## Input material
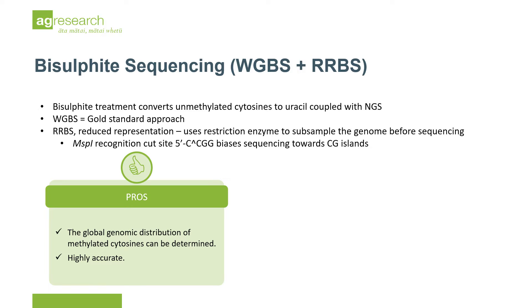For applications that demand high sample throughput, RRBS is an appropriate and relatively cost-effective option. RRBS uses restriction enzymes to reduce genome complexity before sequencing. MspI is commonly used as it directs sequencing towards CpG islands.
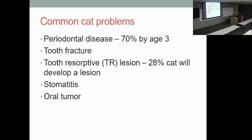Cat problems are similar. They still have trouble with periodontal disease, though maybe not to the same degree as some dogs — though some individuals really struggle with it, and tooth brushing is the answer. They also get tooth fractures. Resorptive lesions affect around 28% of house cats at the low end per study data. We don't really know why cats get these — the tooth is essentially being eaten away. They can be quite painful. Stomatitis, meaning inflammation in their mouths, is another problem, and cats can also develop oral tumors.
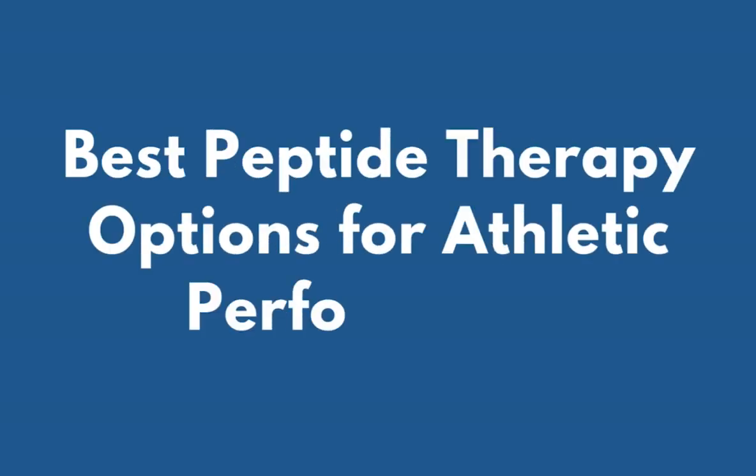Hi, welcome back to the channel. My name is Dr. Amber, and today we're going to talk all about the best peptide therapy options for athletic performance.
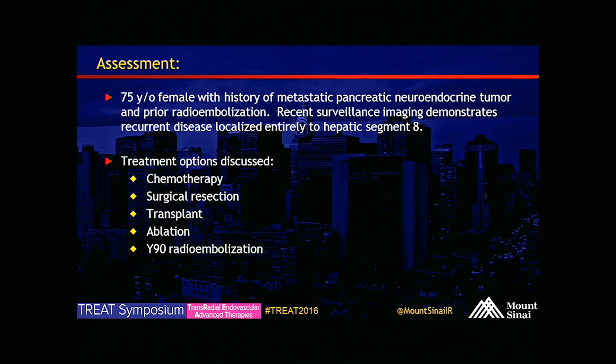So basically, a 75-year-old woman with metastatic pancreatic neuroendocrine tumor with prior radioembolization. Recent surveillance imaging again shows segment eight lesions. Treatment options for her include chemotherapy, surgical resection, transplant ablation, Y90 radioembolization, or we can continue to watch her. In discussion at our multidisciplinary tumor board, we decided to do Y90 radioembolization and try to keep it as focal to segment eight as possible. There's no reason to blast the entire right liver.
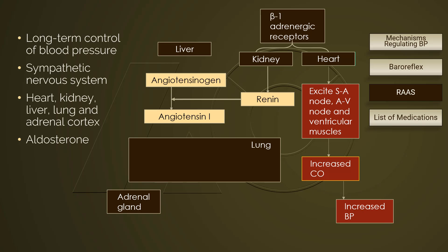Angiotensinogen is a serum globulin that is synthesized and released by the liver. Angiotensin-1 travels in the blood until it reaches the lung, where endothelial cells inside the blood vessels produce and secrete a converting enzyme known as angiotensin converting enzyme, ACE.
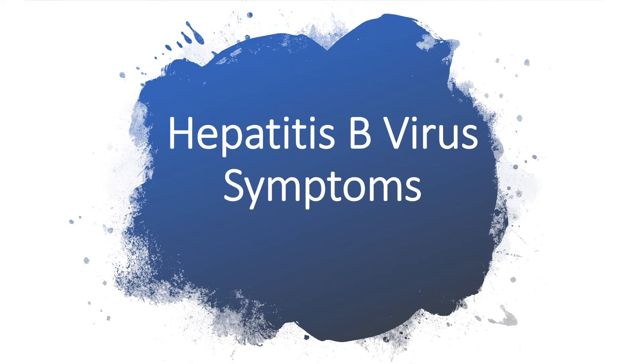Hi everyone, thanks for listening to my presentation. Today I'll be talking about hepatitis B virus symptoms.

## What the task requires
Output exactly the lines from the line with "Angiotensinogen is a" to the last line of the records, including both, and leave every picture out.

## Output below
Angiotensinogen is a serum globulin that is synthesized and released by the liver. Angiotensin-1 travels in the blood until it reaches the lung, where endothelial cells inside the blood vessels produce and secrete a converting enzyme known as angiotensin converting enzyme, ACE.
Hi everyone, thanks for listening to my presentation. Today I'll be talking about hepatitis B virus symptoms.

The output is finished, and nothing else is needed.